**Exercise aim**
Write out all the data verbatim. Skip images.

**Supplied information**
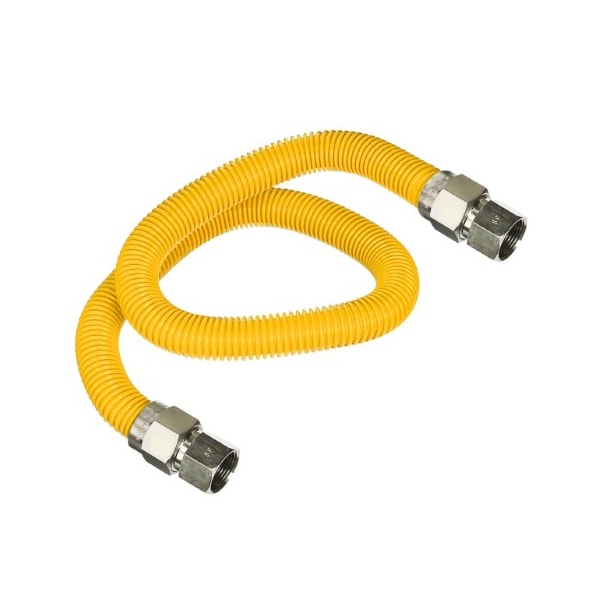EVERFLOW FTGC-YC12-72B(BF) PIPE FITTINGS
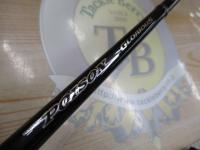 ポイズングロリアス 266L FLICK SHAKY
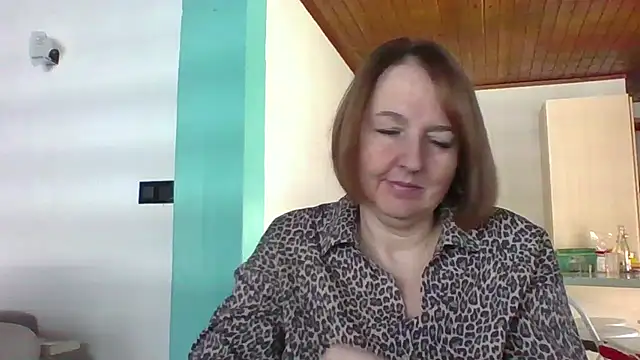 Sandcoq online show from January 2026 11:04:02 AM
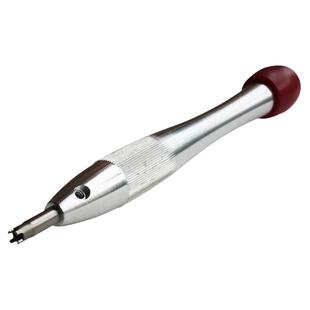 四星表扣起子工具 螺丝刀适配里查德米尔RM理查德 米勒机械手表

**Reply to the task**
EVERFLOW FTGC-YC12-72B(BF) PIPE FITTINGS
 ポイズングロリアス 266L FLICK SHAKY
 Sandcoq online show from January 2026 11:04:02 AM
 四星表扣起子工具 螺丝刀适配里查德米尔RM理查德 米勒机械手表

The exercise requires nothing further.